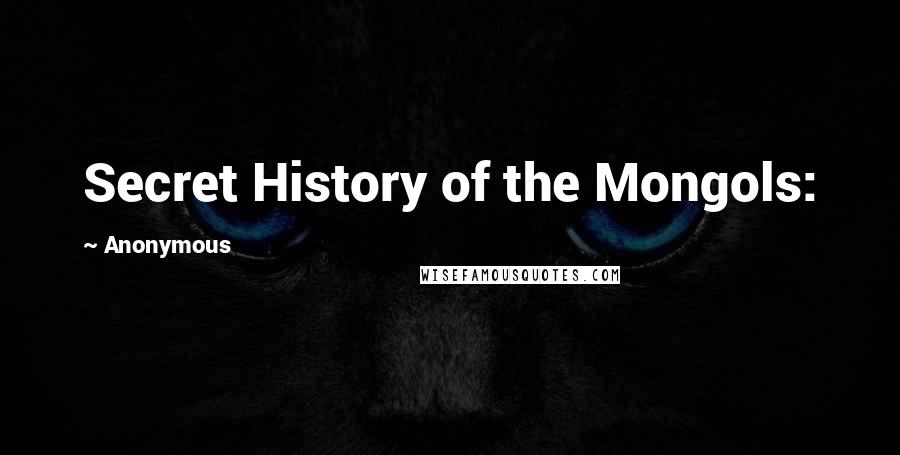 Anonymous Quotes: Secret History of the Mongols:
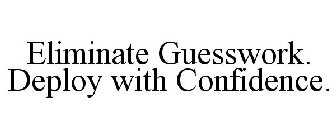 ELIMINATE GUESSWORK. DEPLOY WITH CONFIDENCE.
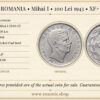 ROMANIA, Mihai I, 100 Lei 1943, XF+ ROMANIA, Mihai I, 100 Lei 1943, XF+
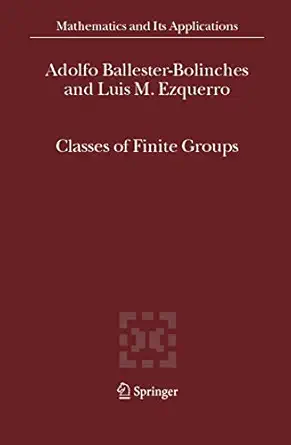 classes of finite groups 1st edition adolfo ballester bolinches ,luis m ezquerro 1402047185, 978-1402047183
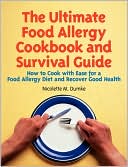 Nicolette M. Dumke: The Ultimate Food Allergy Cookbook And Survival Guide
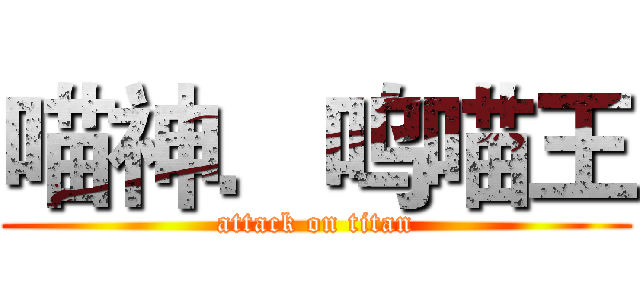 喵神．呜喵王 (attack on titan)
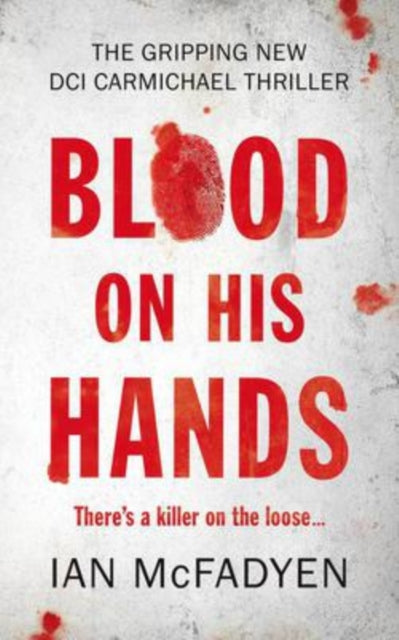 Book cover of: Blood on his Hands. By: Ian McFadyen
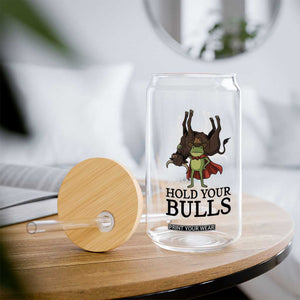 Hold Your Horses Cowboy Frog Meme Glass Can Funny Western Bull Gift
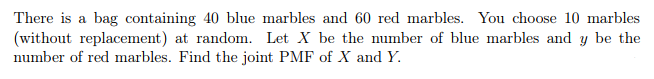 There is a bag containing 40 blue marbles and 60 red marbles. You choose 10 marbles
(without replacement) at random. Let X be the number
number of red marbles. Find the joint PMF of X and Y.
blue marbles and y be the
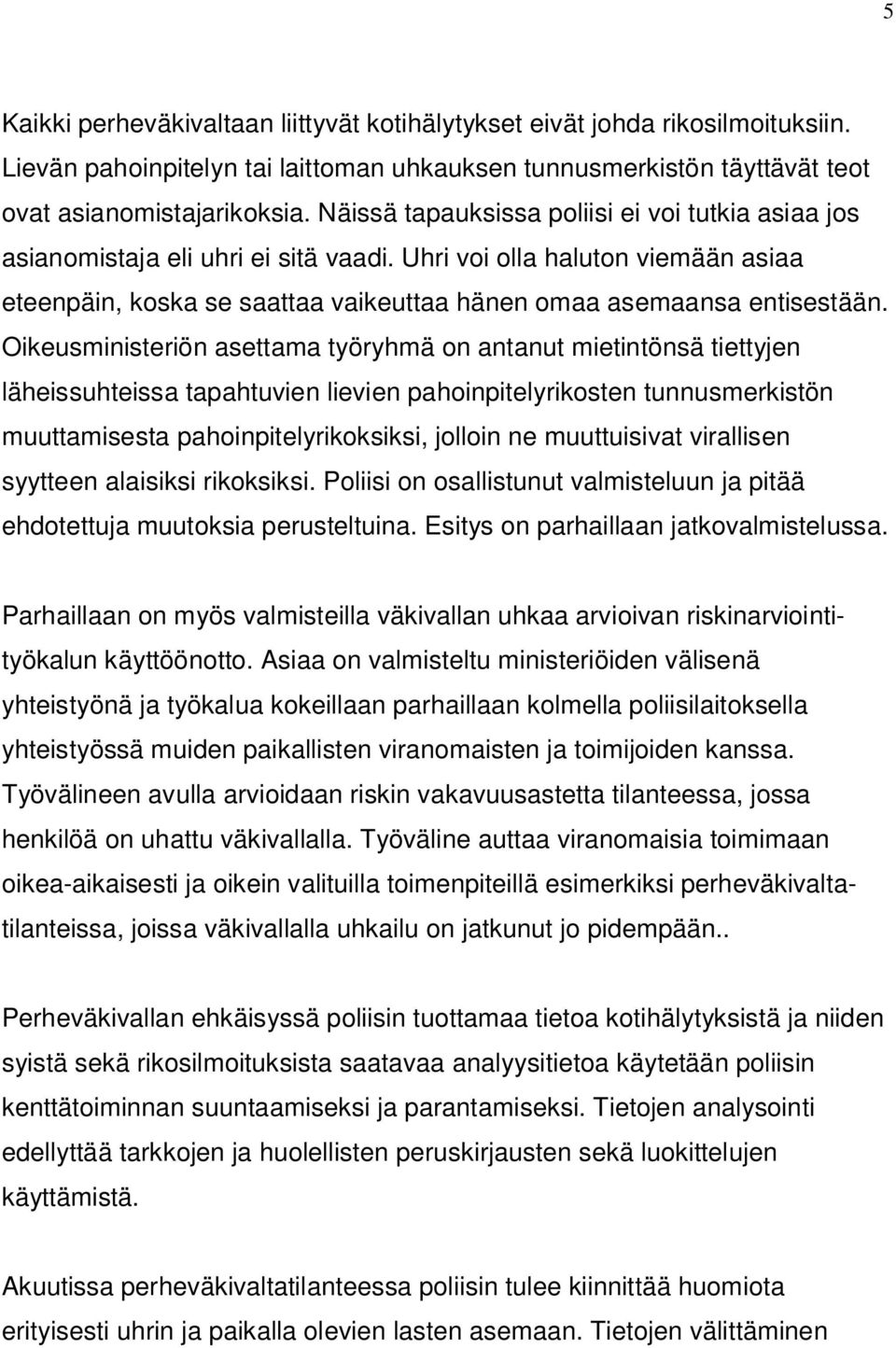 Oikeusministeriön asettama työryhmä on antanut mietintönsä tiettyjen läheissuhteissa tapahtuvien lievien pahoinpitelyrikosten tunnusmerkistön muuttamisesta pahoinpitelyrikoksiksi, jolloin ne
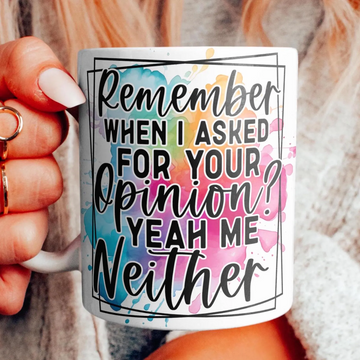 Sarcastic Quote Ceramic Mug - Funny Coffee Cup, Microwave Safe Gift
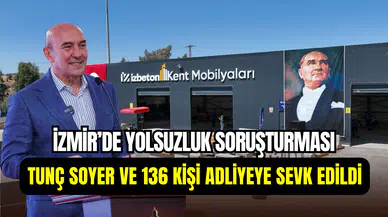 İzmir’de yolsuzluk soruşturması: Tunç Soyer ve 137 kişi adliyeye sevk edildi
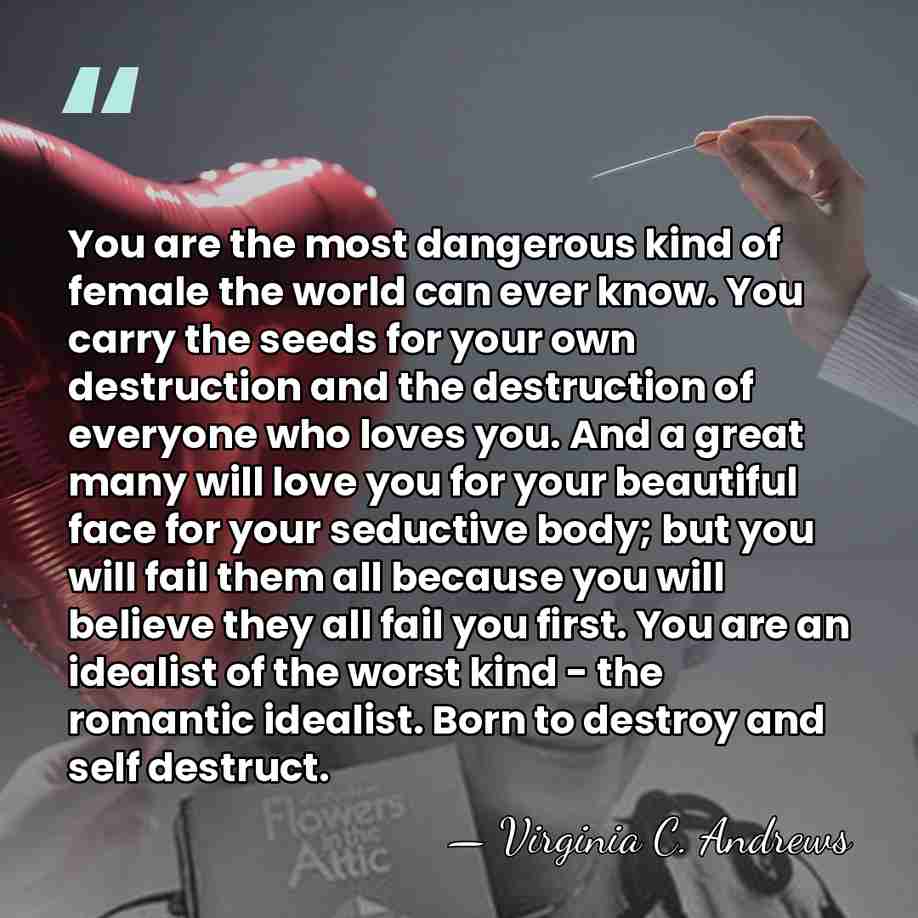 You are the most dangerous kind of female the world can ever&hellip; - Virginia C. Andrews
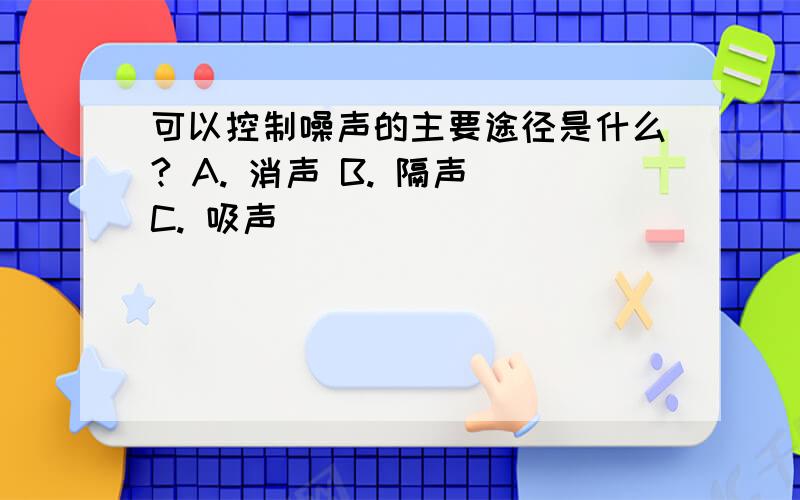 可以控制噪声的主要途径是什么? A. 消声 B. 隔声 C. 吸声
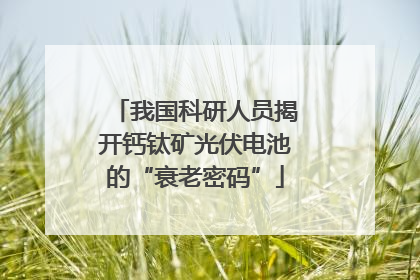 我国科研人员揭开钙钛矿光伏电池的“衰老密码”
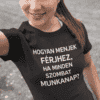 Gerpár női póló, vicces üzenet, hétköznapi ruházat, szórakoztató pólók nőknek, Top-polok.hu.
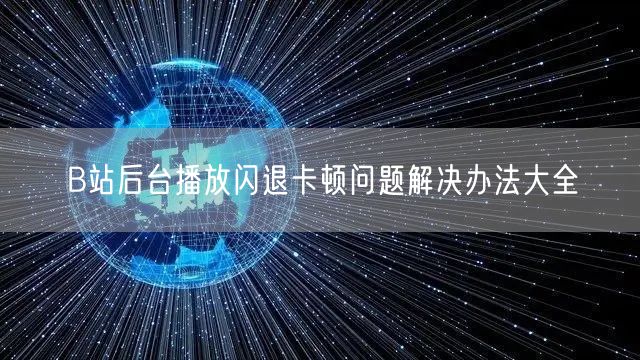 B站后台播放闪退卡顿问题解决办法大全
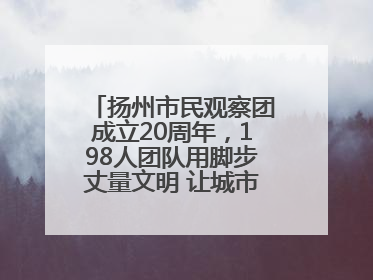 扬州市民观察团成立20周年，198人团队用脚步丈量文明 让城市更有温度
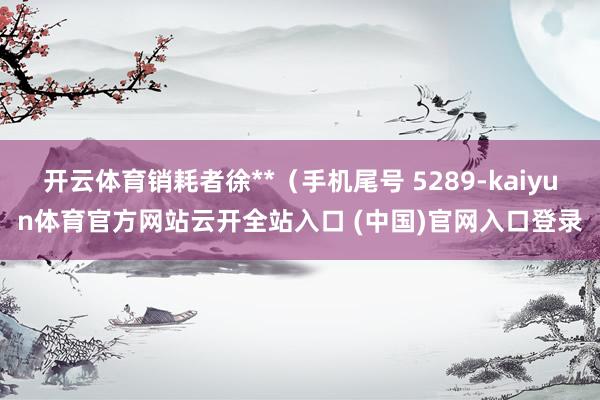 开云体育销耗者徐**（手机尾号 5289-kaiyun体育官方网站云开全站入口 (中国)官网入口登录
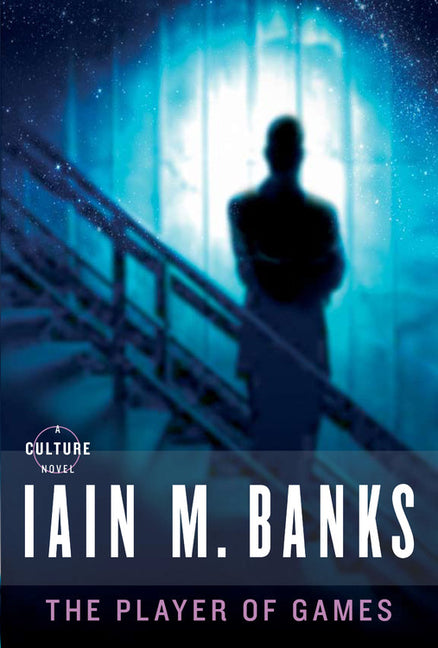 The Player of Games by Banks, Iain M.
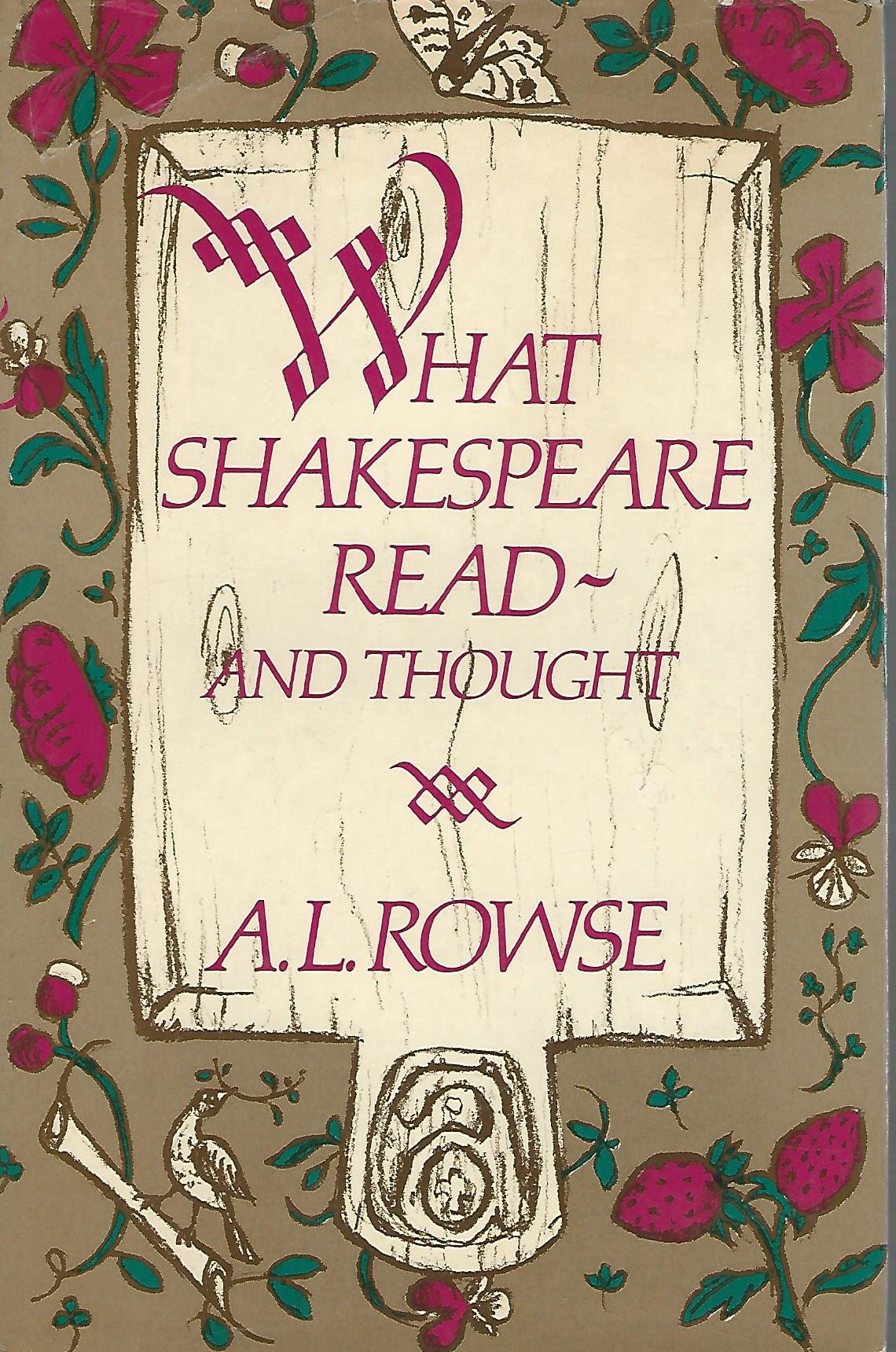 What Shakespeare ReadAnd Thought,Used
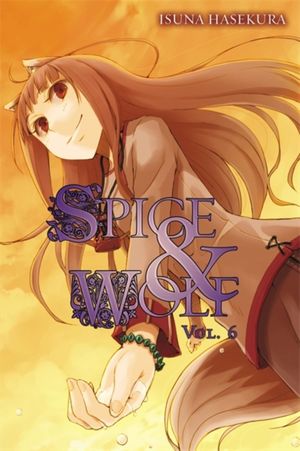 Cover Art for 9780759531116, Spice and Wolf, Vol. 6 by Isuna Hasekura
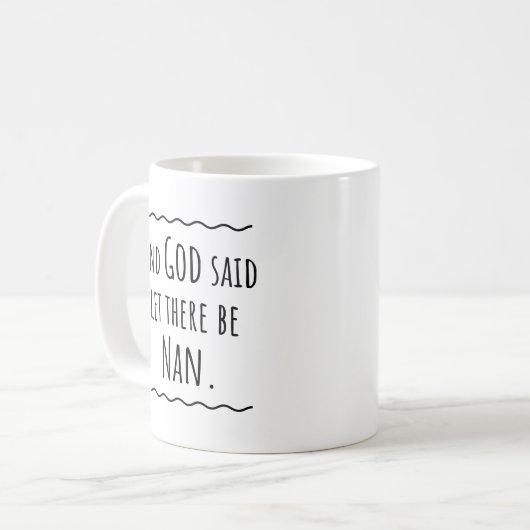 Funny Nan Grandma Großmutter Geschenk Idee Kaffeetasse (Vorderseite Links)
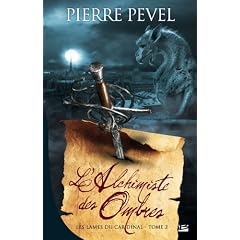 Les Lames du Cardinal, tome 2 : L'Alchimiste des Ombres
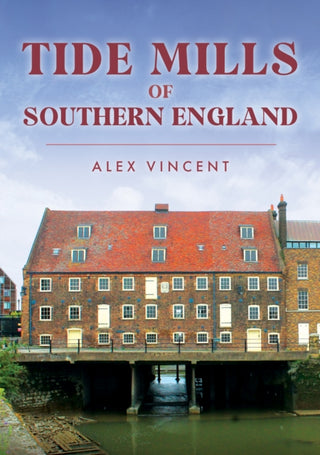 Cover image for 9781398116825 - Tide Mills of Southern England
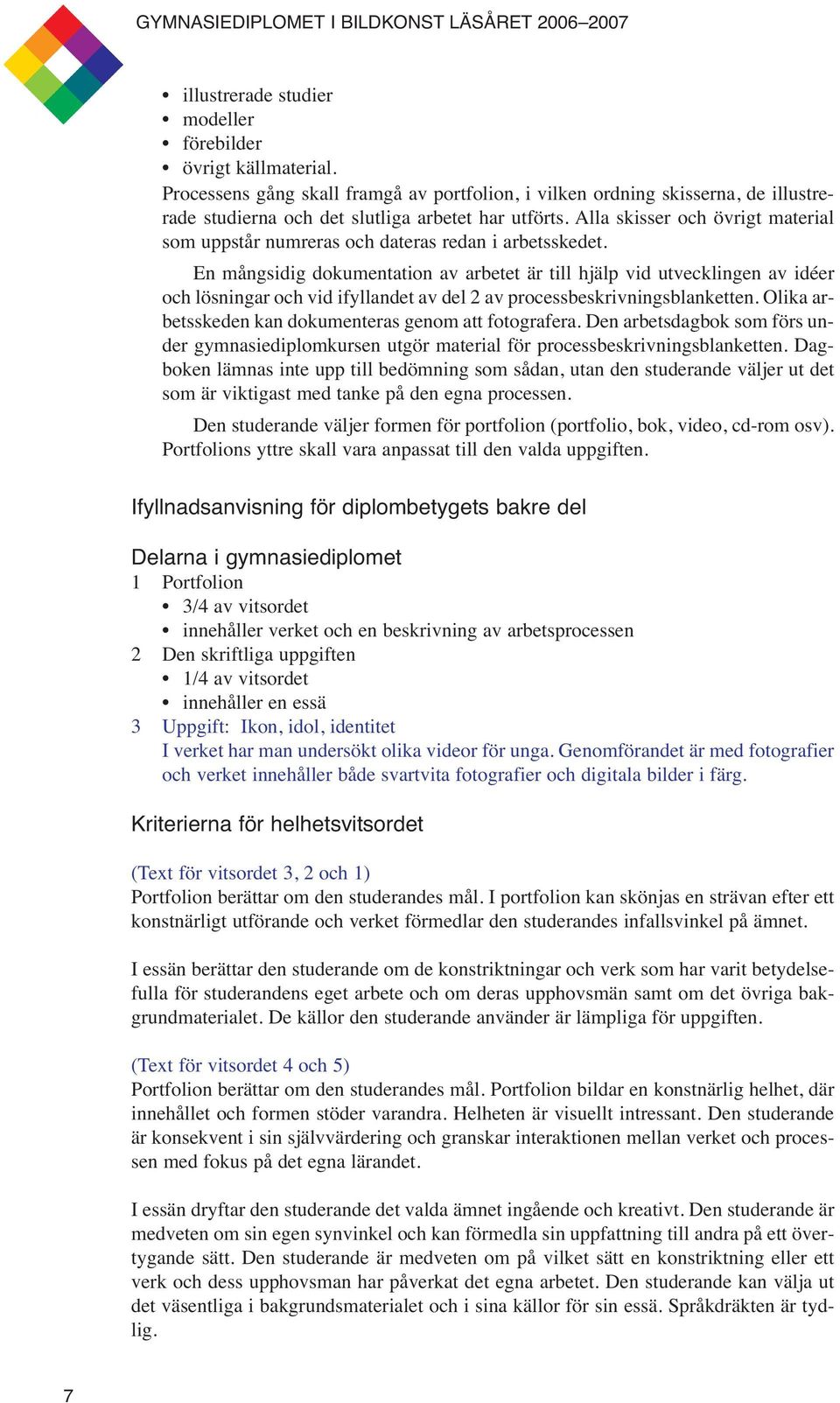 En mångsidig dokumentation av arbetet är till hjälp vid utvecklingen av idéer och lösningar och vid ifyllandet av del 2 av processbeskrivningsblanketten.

About this exercise: The lines to copy exactly start with the line above that has "number of red" and go on through the line that has "Oikeusministeriön asettama työryhmä"; please include both, add nothing else, and omit the pictures.

Response box:
number of red marbles. Find the joint PMF of X and Y.
blue marbles and y be the
 Oikeusministeriön asettama työryhmä on antanut mietintönsä tiettyjen läheissuhteissa tapahtuvien lievien pahoinpitelyrikosten tunnusmerkistön muuttamisesta pahoinpitelyrikoksiksi, jolloin ne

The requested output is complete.